* [Assignment] Would you transcribe the records below from the line with "yataq otagi ucun" to the line with "[Homesaya] 10PCS Easels", ends included, exactly and with nothing more, leaving the pictures out?

* [Data shown]
'''
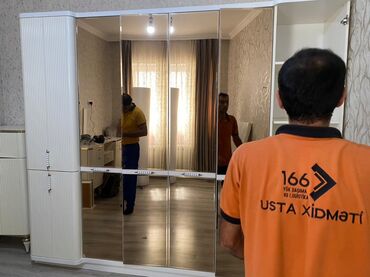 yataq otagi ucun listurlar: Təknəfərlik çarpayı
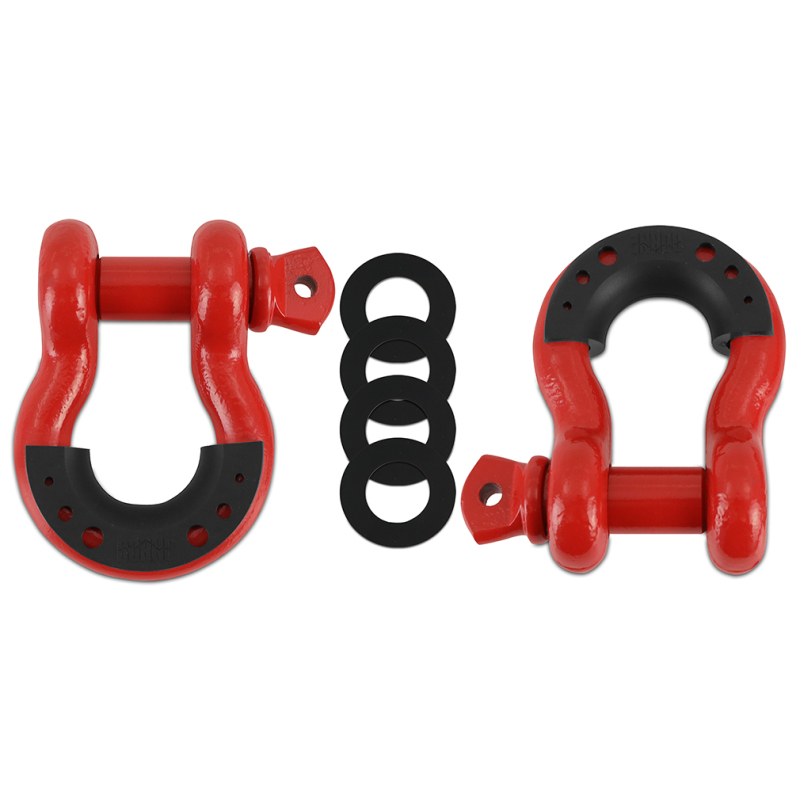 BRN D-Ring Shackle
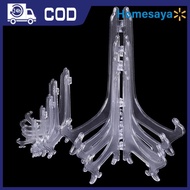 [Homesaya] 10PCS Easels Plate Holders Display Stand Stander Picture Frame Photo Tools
'''
'''
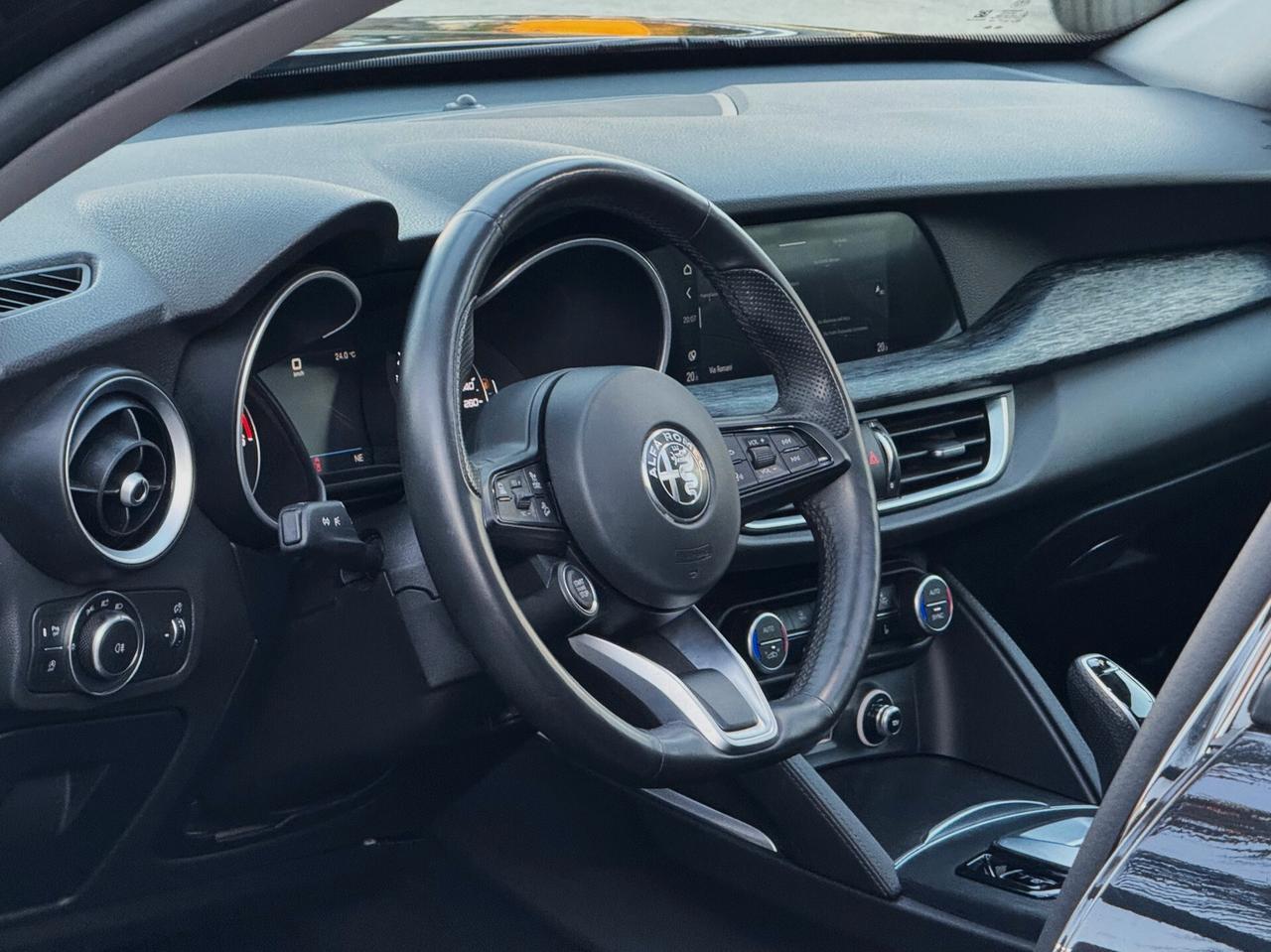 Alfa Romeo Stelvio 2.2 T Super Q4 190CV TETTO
'''
* [Solution]
 yataq otagi ucun listurlar: Təknəfərlik çarpayı
 BRN D-Ring Shackle
 [Homesaya] 10PCS Easels Plate Holders Display Stand Stander Picture Frame Photo Tools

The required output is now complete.